Objectives: To determine how genes associated with ASD shape the development and evolution of neuronal circuits of the human cerebral cortex.
Methods: Informed by spatiotemporal maps of gene expression, gene-regulatory interactions, and chromatin states, we have used traditional molecular biological and genetics tools to analyze the function and expression of ASD risk genes in the developing brain.
Results: Expression patterns of the diverse ASD risk genes in the developing brain provide novel insights into the underlying biology. One such example is the expression of the FMR1 gene, which encodes an RNA-binding protein (FMRP) altered in Fragile X syndrome. We show that FMRP regulates translation of neuronal nitric oxide synthase 1 (NOS1) in the developing human neocortex. Whereas NOS1 mRNA is widely expressed, NOS1 protein is transiently co-expressed with FMRP during early synaptogenesis in layer- and region-specific pyramidal neurons. These include mid-fetal layer 5 subcortically projecting neurons arranged into alternating columns in the prospective Broca’s area and orofacial motor cortex. Human NOS1 translation is activated by FMRP via interactions with coding region-binding motifs absent from mouse Nos1 mRNA, which is expressed in mouse pyramidal neurons, but not efficiently translated. Correspondingly, neocortical NOS1 protein levels are severely reduced in developing human FXS cases, but not FMRP-deficient mice.

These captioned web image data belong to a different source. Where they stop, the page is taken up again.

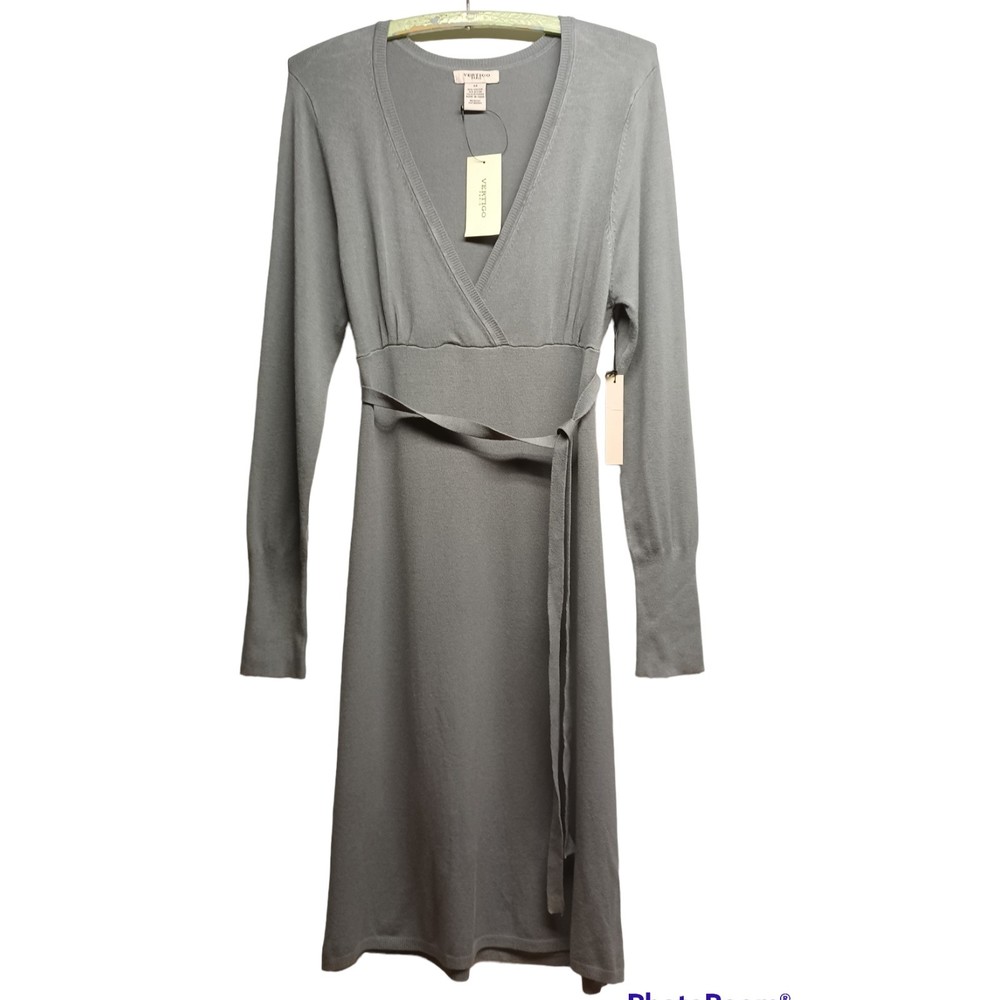 NEW VERTIGO PARIS SWEATER KNIT DRESS W WRAP TOP, SIZE M, GRAY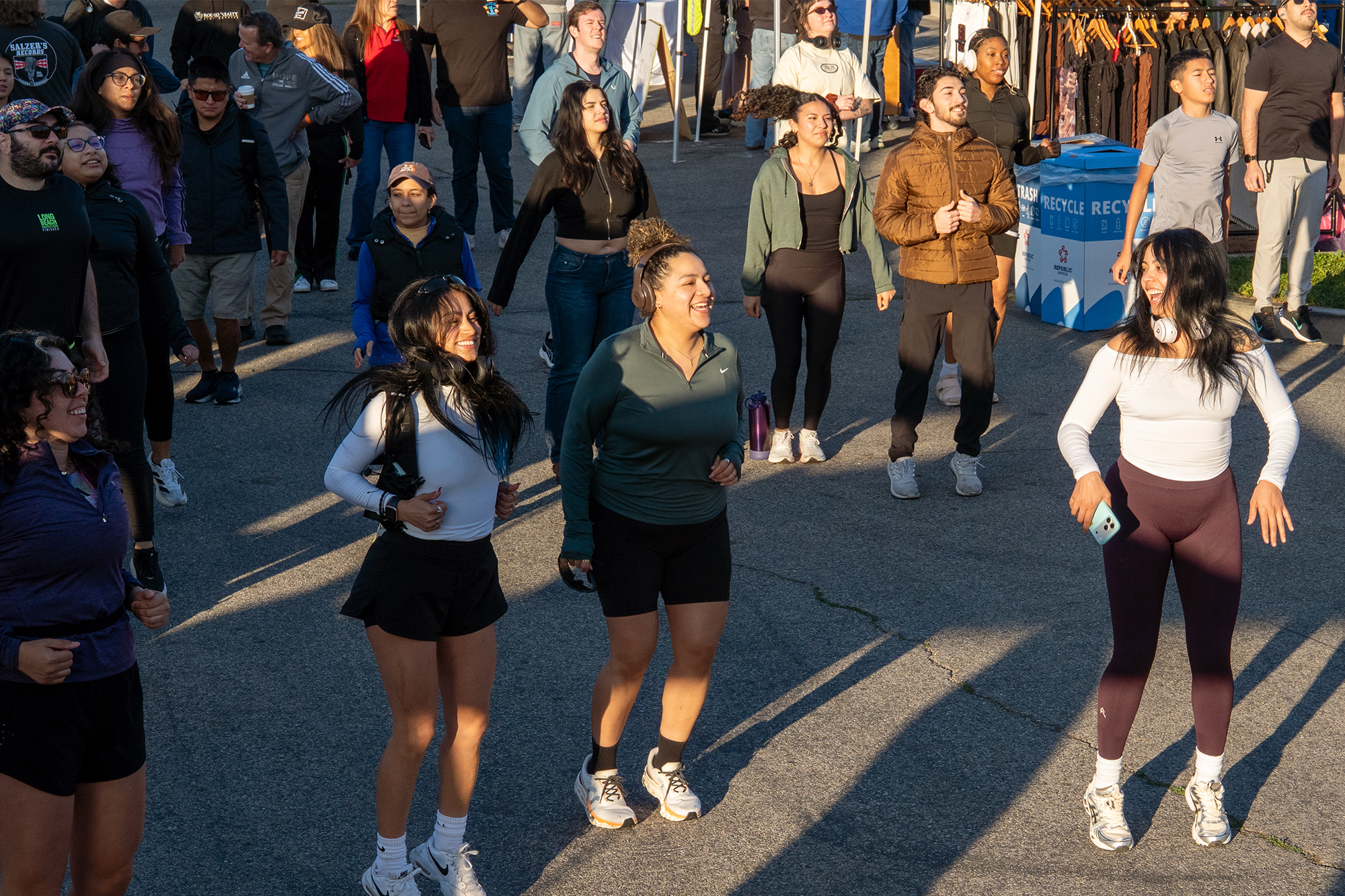 Joggers warm up ahead of the Shine LA 5K run...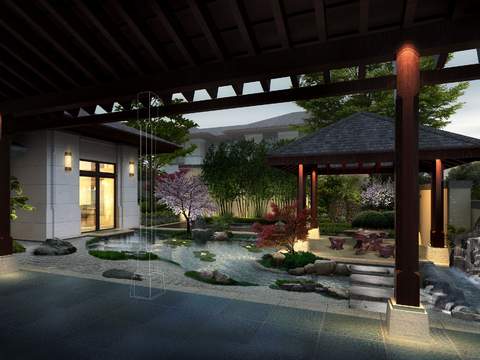 Chinese Courtyard Garden Landscape psd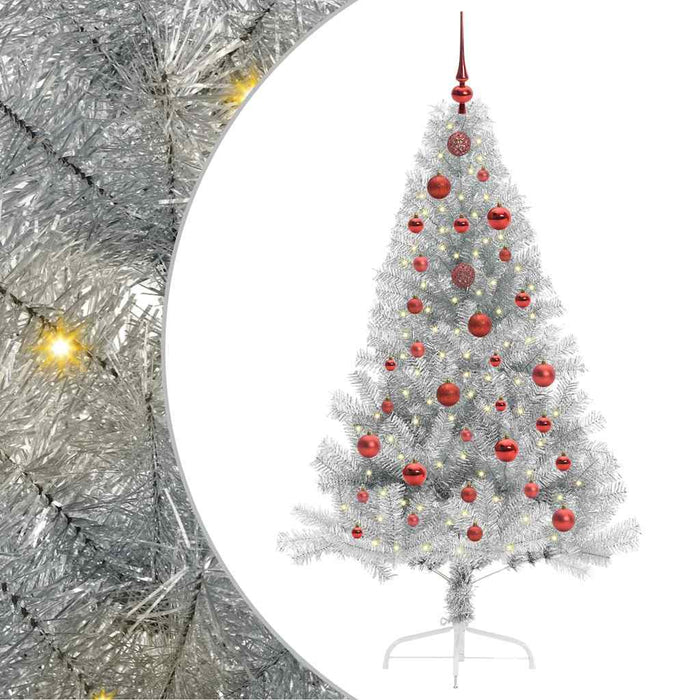 Albero di Natale artificiale con luci integrate Argento 150 cm 3397193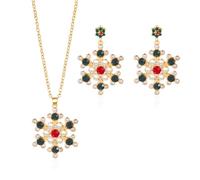 XFSRG Ensemble Bijoux Femme Noël Flocon de Neige Boucles Oreilles Collier Décorations Festives Élégantes pour Fête de Noël Mariage (Style 1)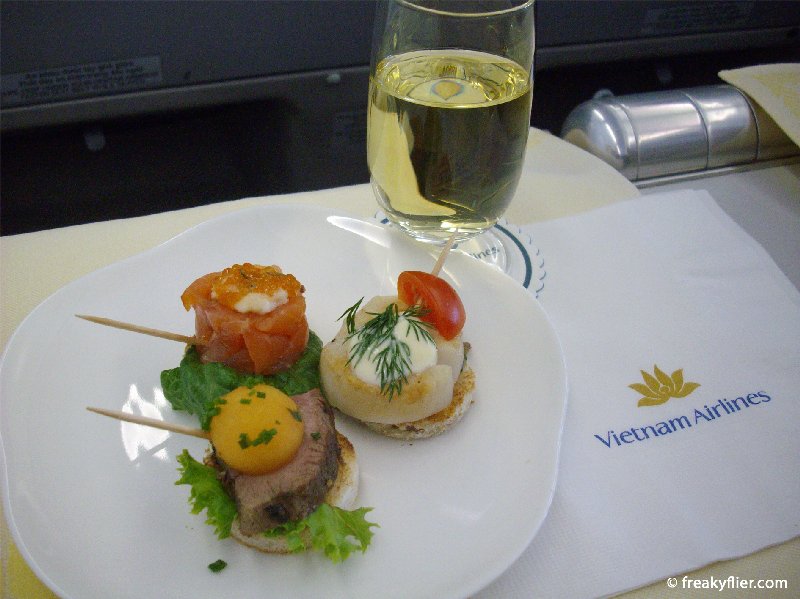 Amuse bouche, served with a French Sauvignon Blanc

Conclusions: Our findings provide insights into cells and neural circuits affected in ASD and identify novel species-specific molecular mechanism altered in the leading monogenic cause of intellectual disability and autism, FXS. Importantly, this study illustrates a process of moving from genetic findings, to expression analysis, to functional characterization in order to expand the understanding of human-specific molecular mechanisms that may be compromised in ASD.